Before completing the planning for this first post I can already sense that the process will be tweaked so as to best allow me to practice what I’m looking to practice. Currently I’m limiting myself to an hour’s worth of writing so that I don’t spend an “undue” amount of time on this–yet the issue I already have in mind is that time does have to be invested in the pursuit of improvement. How much time, though, that’s one of the important questions.

My lord, I’m almost boring myself and I’ve barely begun to write. I also haven’t quite decided what kind of “tone” I ought to write with for these subjects. This first topic, for instance, is from a list of GRE-type prompts. Not having taken the GREs, nor having had any conversations with people knowledgeable about the preferred writing “style”, I don’t know if I ought to write in a more serious tone as opposed to writing my preferred light-hearted bantering tone. Thinking about writing tone and style now, I can already see this branching off into a separate post haha–sometimes my writing is dry when I read it, and other times vibrant! You might be able to tell that I prefer the vibrant; I like things zesty 🙂

Let’s see what happens; and more than that, let’s observe and then improve!

My latest idea, now that it’s already late Sunday night, is to post what I do have–an outline of the post to be written–so that my thought process is partly revealed.

Prompt (Topic 7 from this list):
Some people believe that government funding of the arts is necessary to ensure that the arts can flourish and be available to all people.
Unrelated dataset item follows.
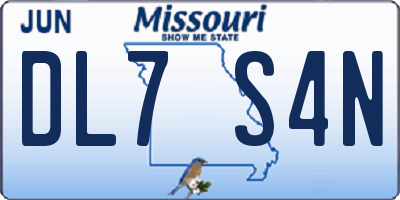 MO license plate DL7S4N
Others believe that government funding of the arts threatens the integrity of the arts. Write a response in which you discuss which view more closely aligns with your own position and explain your reasoning for the position you take. In developing and supporting your position, you should address both of the views presented.
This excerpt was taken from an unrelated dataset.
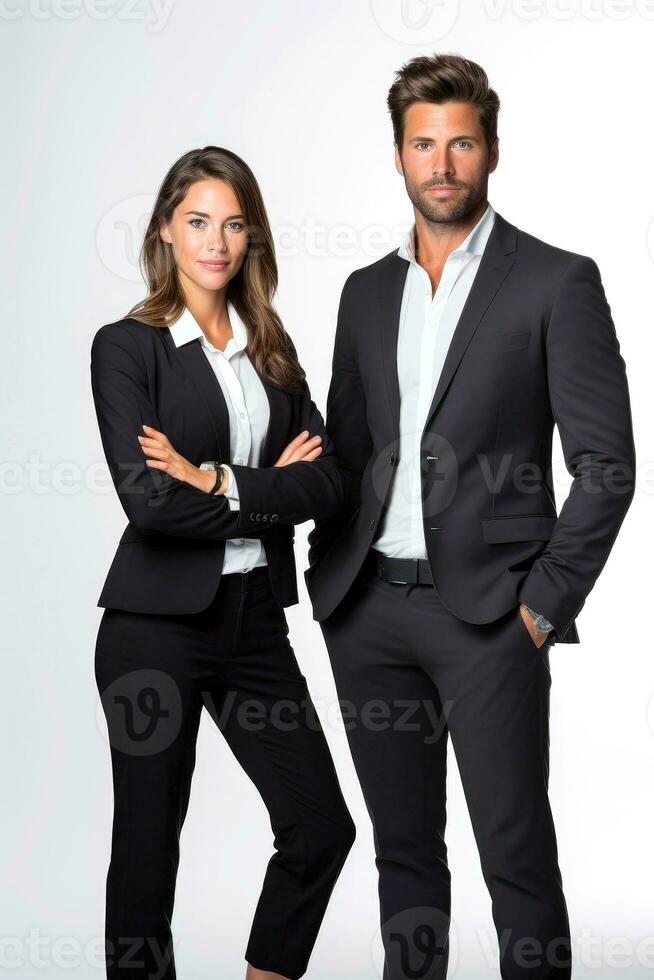 Successful young business partners in formal clothes posing and looking at camera, Generative AI illustration photo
I was presented with a question about whether government funding of the arts is necessary to ensure that the arts can flourish and be available to all people. 

– before there was formal government, people made and spread art: visible art, auditory art, sensory art. 
– government funding gives “the arts” a greater sense of legitimacy, normalizes it
– gov’t funding wouldn’t necessarily ensure that arts would be available to all people–the availability of something doesn’t necessarily ensure that it is accessible to all people

I believe that the integrity of the arts is only threatened by government funding if that funding is exclusive as opposed to being inclusive.

Intro: 
– Hook, conflict?
– Agreement, context
– Thesis: Government funding of the arts is beneficial but not necessary for the flourishing and widespread availability of the arts and can be provided without diluting artistic integrity.

Body 1
– Arts of all sorts proliferated before the earliest governments.

Body 2
– Government funding of the arts would not unerringly lead to the arts becoming available to all people. 
– The art that people value survives, and the art that is not valued can possibly be lost.

Body 3
– Addressing a counterargument
– One common argument against government funding for the arts is that this funding threatens and can co-opt the integrity of the arts. I agree that integrity breaches are a legitimate concern, but that they exist in any and arguably all people-related endeavors! Organizations and ideas ultimately can’t have or lack integrity–it is people who have or lack integrity, and whose works subsequently are affected. The fear of lost integrity for the arts, then, actually translates to artists who lose their integrity, who in doing so co-opt their art. In order to address the problem of integrity-lacking people, an objective system (itself fairly developed) may work best to bypass the subjective opinions of people. An objective system that gives all artists a fair chance at obtaining government funding would be an optimal way to guard against the government interjecting its own agenda through selective funding.

Conclusion
– Wrap-up
Arts of all sorts proliferated before the earliest governments.
The arts existed and proliferated before the question of government involvement became relevant. In that vein, government funding of the arts can’t be said to be necessary to ensure that the arts flourish–but the additional funding combined with the effect of legitimacy certain helps.